Paolo Costa
10.10.2010 – La diffusione delle telefonate intercettate tra il vicedirettore del “Giornale”, Nicola Porro, e il Portavoce di Emma Marcegaglia, Rinaldo Arpisella, ha aperto uno squarcio su uno scenario di infinito squallore. Poco importa se i fatti siano di rilevanza penale. Importa che evidenzino una pratica lontanissima dal paradigma del watchdogging associato al giornalismo di inchiesta: quel modello che vuole il reporter agire – al servizio del pubblico – come cane da guardia, con l’obiettivo di sorvegliare il comportamento del potere e smascherarne gli errori e gli abusi. Siamo al dossieraggio, all’uso della notizia come merce di scambio iniquo, dove ha grande valore la notizia non data (anche se potrebbe interessare il lettore), tenuta in sonno in cambio di un prezzo politico pagato dalla vittima del ricatto.
Bene ha fatto la Società Pannunzio per la libertà di informazione a denunciare all’Ordine dei Giornalisti della Lombardia il direttore responsabile del “Giornale”, Alessandro Sallusti, e lo stesso Porro, chiedendone l’immediata radiazione (si veda qui il comunicato della Società Pannunzio).
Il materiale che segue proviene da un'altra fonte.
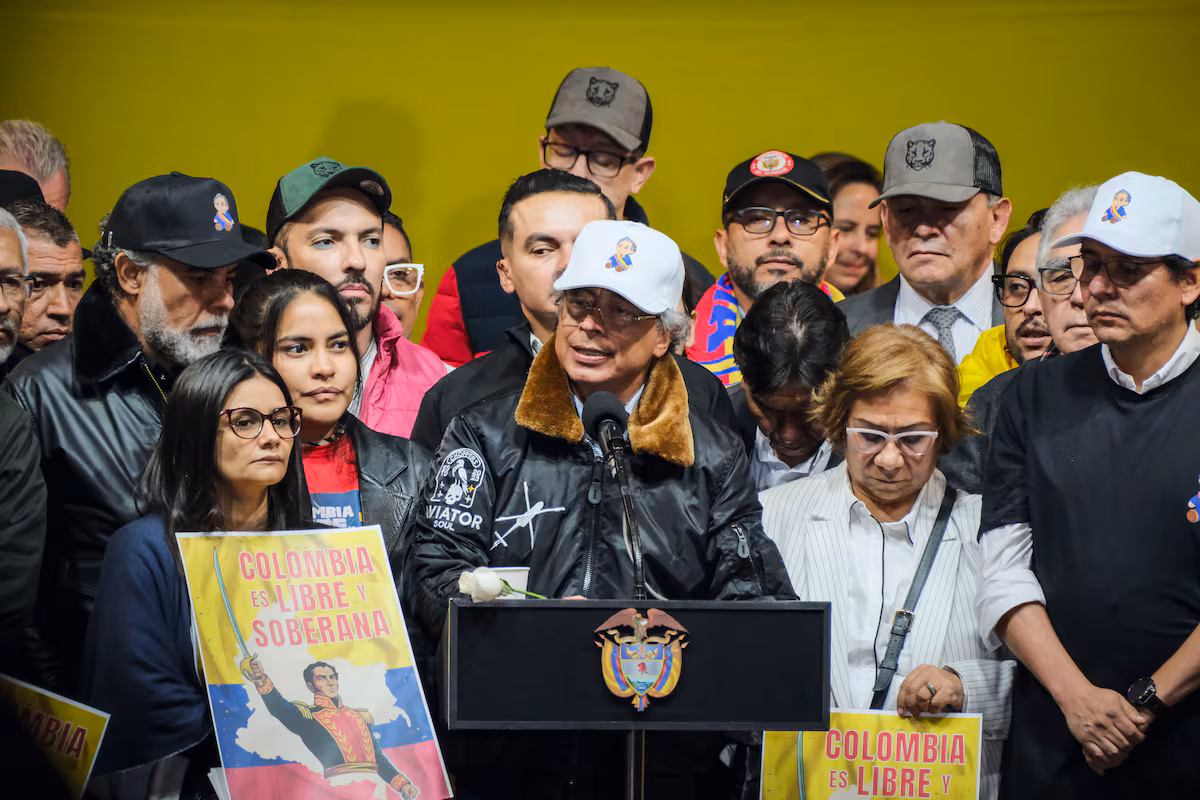 Deportaciones y Diplomacia: La Evolución de Trump y Petro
Il “Giornale” ha poi contibuito a pubblicizzare la notizia, dandole un certo rilievo sull’edizione online di oggi: l’articolo E ora vogliono radiare Sallusti e Porro è a firma di Antonio Signorini. Colpisce, ma purtroppo non stupisce, la veemenza dei commenti dei lettori al pezzo di Signorini, dove si parla di “masnade sinistrorse”, “scalzacani di sinistra”, “mezze calzette scalcagnate”, “maledetti libertari” ecc.
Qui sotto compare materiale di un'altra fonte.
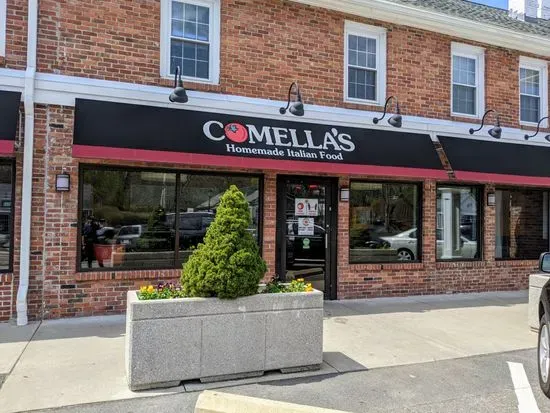 Comella's Restaurants Westwood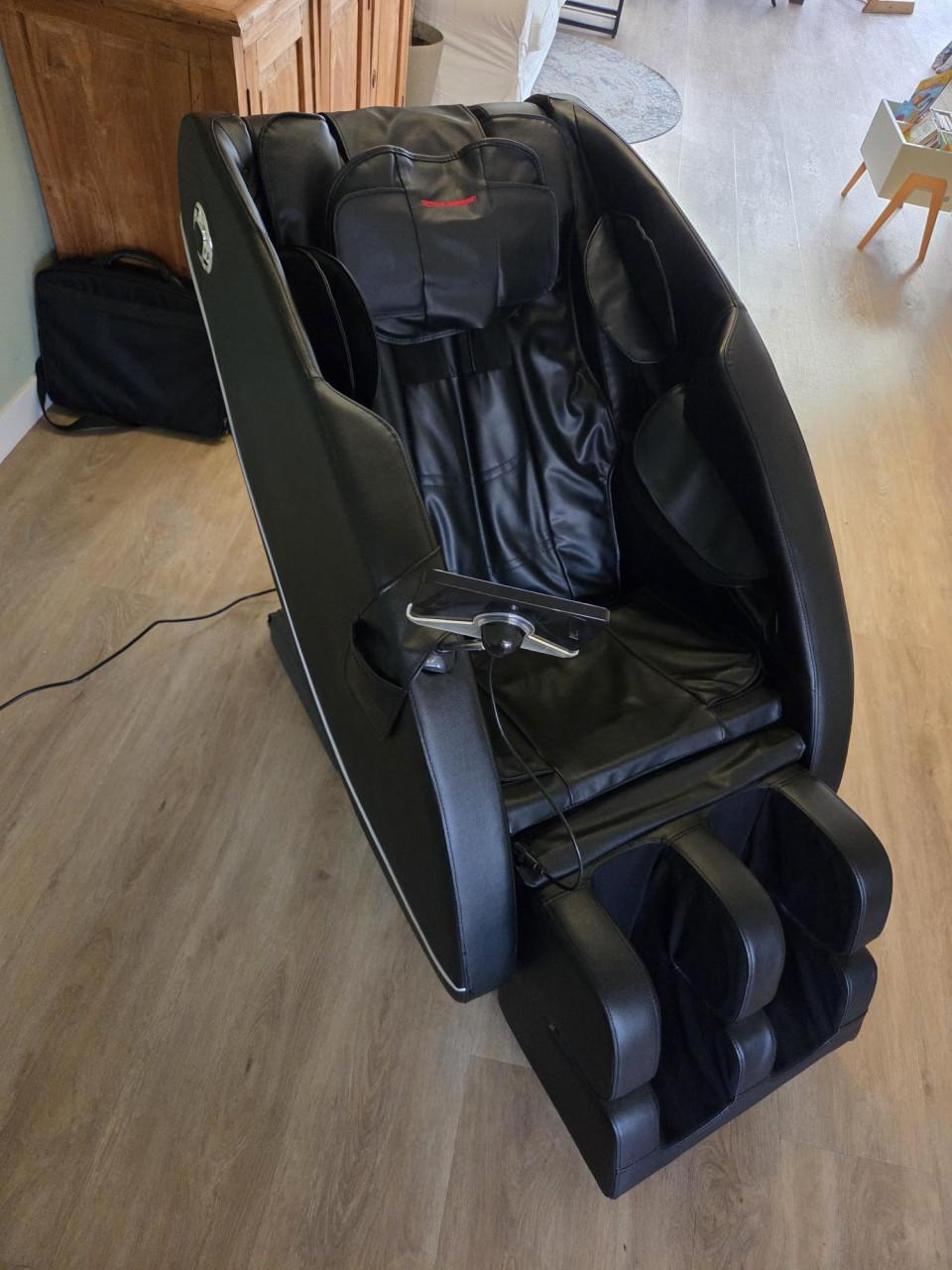 Massagestoel
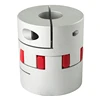 Wholesale Rubber Cnc Inserts Spider Coupling For Electric Generator
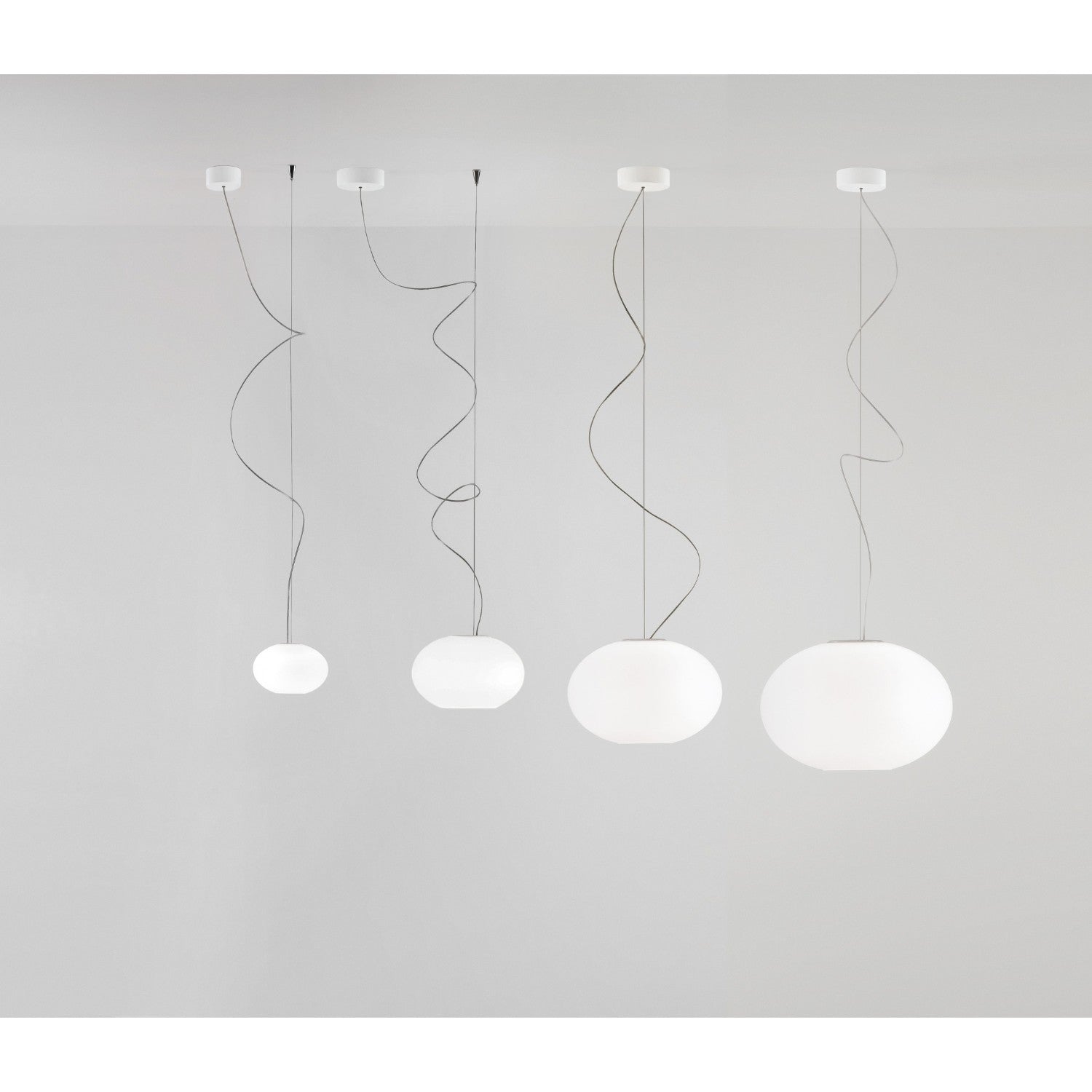 ZERO S1G9 - Pendant Light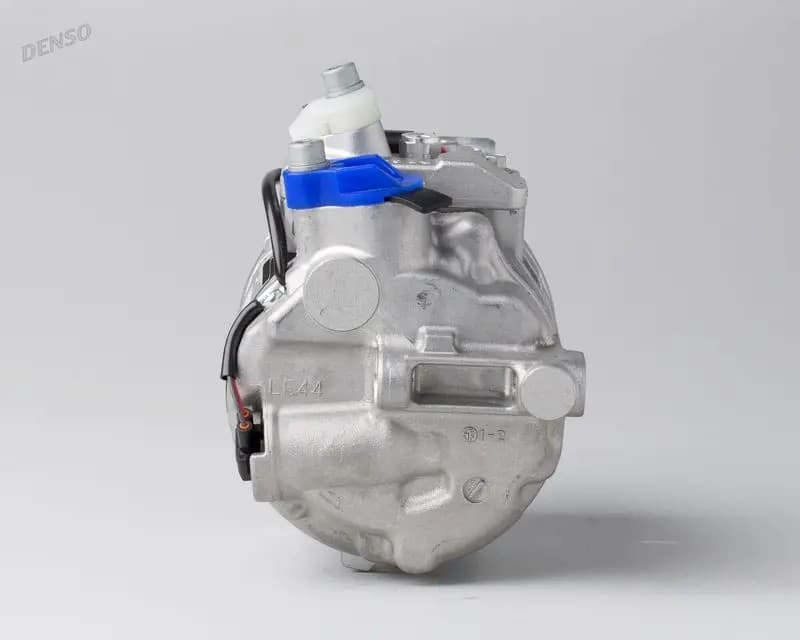 Compresor de Aire Acondicionado DCP17138 Denso nuevo 3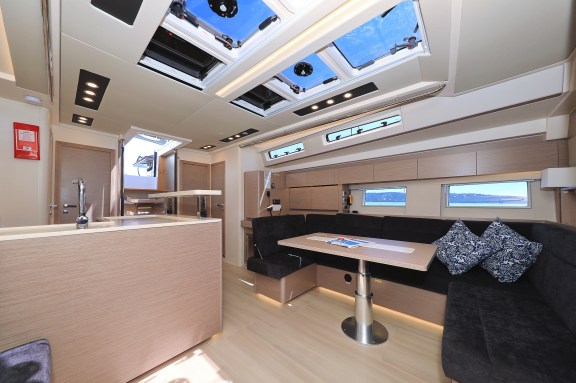 Image of Mivasa (ex. Maxine I) yacht #11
Restano da fare alcune riflessioni, per me decisive.
Primo punto: non è un paese sano quello in cui i vasi di Pandora si scoperchiano solo per via giudiziaria e segnatamente attraverso lo strumento delle intercettazioni telefoniche. Certo, è bene che gli scandali avvengano. Ma sarebbe meglio se avvenissero per crisi interna, non per l’atto di un pubblico ministero. Portare la deontologia fra i giornalisti attraverso le intercettazioni telefoniche è un po’ come portare la democrazia in Iraq con le bombe.
Secondo punto: siamo sicuri che il metodo Boffo rappresenti un’esclusiva di Feltri? O meglio: non viene il sospetto che le incheste su Boffo e Fini rappresentino la parte emersa – e, in quanto tale, meno pericolosa – di un iceberg? A me viene il sospetto che tutte le redazioni dei grandi quotidiani nazionali abbiano i cassetti pieni di dossier. Di questi, i più inquietanti sono quelli che non vedranno mai la luce: dossier che fanno egregiamente il loro lavoro proprio in quanto rimangono al buio di quei cassetti e che smetterebbero di servire nel momento in cui venissero pubblicati. Se così fosse, dovremmo riconoscere una volta per tutte che il modello di riferimento per molti di noi – fondato sulla terzietà del giornalista rispetto alle fonti e all’opinione pubblica – è sempre stato un mito che si è alimentato da sé e che in Italia ha avuto scarso riscontro. Pertanto non vorremmo che a pagare fossero solo Feltri e Sallusti, due vasi di coccio in mezzo a tanti vasi di ferro.